Pod Security Standards
Overview
The PodSecurityPolicy API is deprecated and will be removed from Kubernetes in version 1.25. This API is replaced by a new built-in admission controller (KEP-2579: Pod Security Admission Control) which allows cluster admins to enforce Pod Security Standards Labels.
What does that mean?
Namespace and Pod/Container can be defined with three different policies which are; Privileged, Baseline and Restricted. (More info). Therefore, Pod(s)/Container(s) that are not configured according to the enforced security standards defined globally or on the namespace level will not be admitted and it will not be possible to run them.
As a best practice, you must ensure that workloads (Operators and Operands) are defined to run under restricted permissions unless they need further privileges. For the cases where Pod/Container(s) requires escalating permissions, the recommendation is to use the label as described below
How should I configure my Operators and Operands to comply with the criteria?
- For common cases that do not require escalating privileges: configure all containers to comply with the restricted policy as shown in the following the examples:
IMPORTANT NOTE The seccompProfile
field to define that a container is restricted was introduced with K8s 1.19
and might not be supported on some vendors by default.
Please, do not use this field if you are looking to build Operators that work on K8s versions < 1.19
or on vendors that do not support this field.
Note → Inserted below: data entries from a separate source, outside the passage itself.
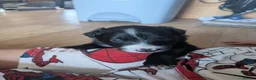 Mixed Breed dogs for sale: Welsh collie puppies  - Advert 7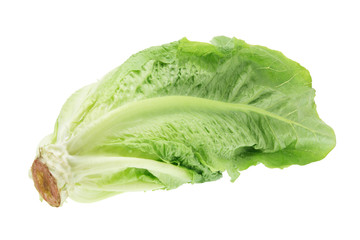 Cos Lettuce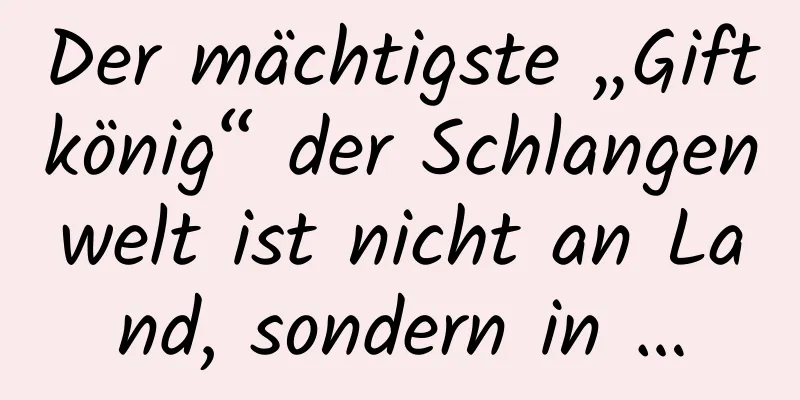 Der mächtigste „Giftkönig“ der Schlangenwelt ist nicht an Land, sondern in …
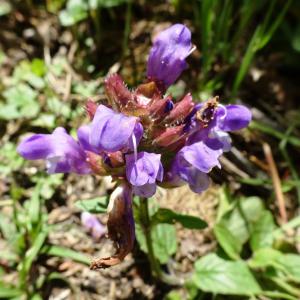 Photographie n°2508456 du taxon Prunella grandiflora (L.) Schöller [1775]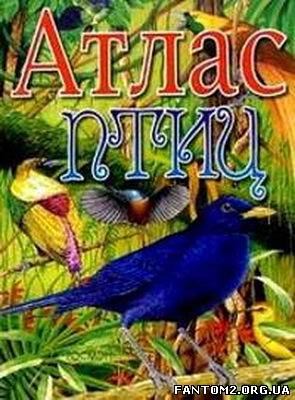 Зображення, постер Бабенко В.Г. Атлас птахів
Having this field when it is not supported can result in your Pods/Containers not being allowed to run (i.e. On Openshift versions < 4.11
with its default configuration the deployments will fail with errors like Forbidden: seccomp
.)
In Kubernetes manifests:
spec:
securityContext:
# WARNING: Ensure that the image used defines an UserID in the Dockerfile
# otherwise the Pod will not run and will fail with `container has runAsNonRoot and image has non-numeric user`.
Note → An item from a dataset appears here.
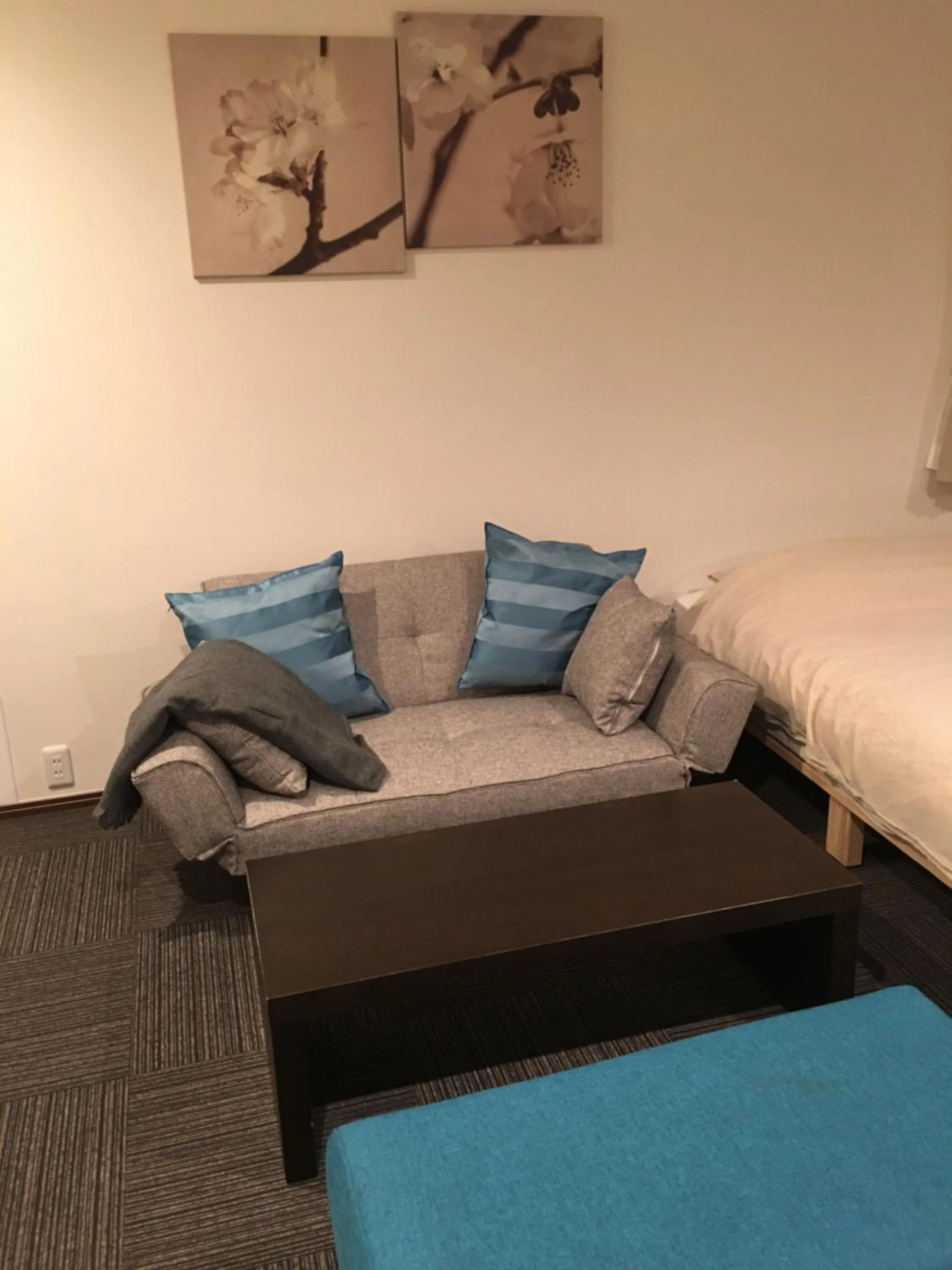 Fuji scenic house 73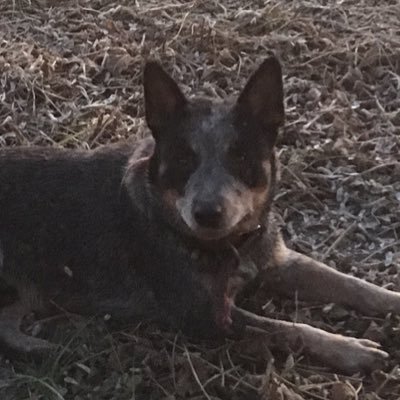 goni_guillermo's profile picture. Trato de ser agrónomo, trato de ser productor, trato de ser padre y esposo. A veces fallo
# If you want your workloads admitted in namespaces enforced with the restricted mode in OpenShift/OKD vendors
# then, you MUST ensure that the Dockerfile defines a User ID OR you MUST leave the `RunAsNonRoot` and
# RunAsUser fields empty.
runAsNonRoot: true
# Please ensure that you can use SeccompProfile and do not use
# if your project must work on old Kubernetes
# versions < 1.19 or on vendors versions which
# do NOT support this field by default (i.e. Openshift < 4.11 )
seccompProfile:
type: RuntimeDefault
...
containers:
- name: controller-manager
securityContext:
allowPrivilegeEscalation: false
capabilities:
drop:
- ALL
...
On Reconciliations, such as code implementation in Go:
Note: if you are setting the RunAsNonRoot
value to true
in the SecurityContext
you will need to verify that the Pod or Container(s) are running with a numeric user that is not 0 (root). If the Pod or Container(s) do not use a non-zero numeric user, you can use the RunAsUser
value to set the user to a non-zero numeric user. In this example, the memcached container does not use a non-zero numeric user and therefore the RunAsUser
value is set to use a uid of 1000
.
dep:= &appsv1.Deployment{
ObjectMeta: metav1.ObjectMeta{
….
},
Spec: appsv1.DeploymentSpec{
…
Template: corev1.PodTemplateSpec{
….
Spec: corev1.PodSpec{
// Ensure restricted context for the Pod
SecurityContext: &corev1.PodSecurityContext{
RunAsNonRoot: &[]bool{true}[0],
// Please ensure that you can use SeccompProfile and do NOT use
// this filed if your project must work on old Kubernetes
// versions < 1.19 or on vendors versions which
// do NOT support this field by default (i.e. Openshift < 4.11)
SeccompProfile: &corev1.SeccompProfile{
Type: corev1.SeccompProfileTypeRuntimeDefault,
},
},
Containers: []corev1.Container{{
Image: "memcached:1.4.36-alpine",
Name: "memcached",
// Ensure restricted context for the container
SecurityContext: &corev1.SecurityContext{
// WARNING: Ensure that the image used defines an UserID in the Dockerfile
// otherwise the Pod will not run and will fail with `container has runAsNonRoot and image has non-numeric user`.
// If you want your workloads admitted in namespaces enforced with the restricted mode in OpenShift/OKD vendors
// then, you MUST ensure that the Dockerfile defines a User ID OR you MUST leave the `RunAsNonRoot` and
// RunAsUser fields empty.
RunAsNonRoot: &[]bool{true}[0],
AllowPrivilegeEscalation: &[]bool{false}[0],
Capabilities: &corev1.Capabilities{
Drop: []corev1.Capability{
"ALL",
},
},
},
}},
},
},
},
}
For Ansible and Helm language based Operators: Ansible playbooks or Helm charts MUST create manifests that comply with the requirements in the same way. You can find some examples by looking at the samples under the testdata directory.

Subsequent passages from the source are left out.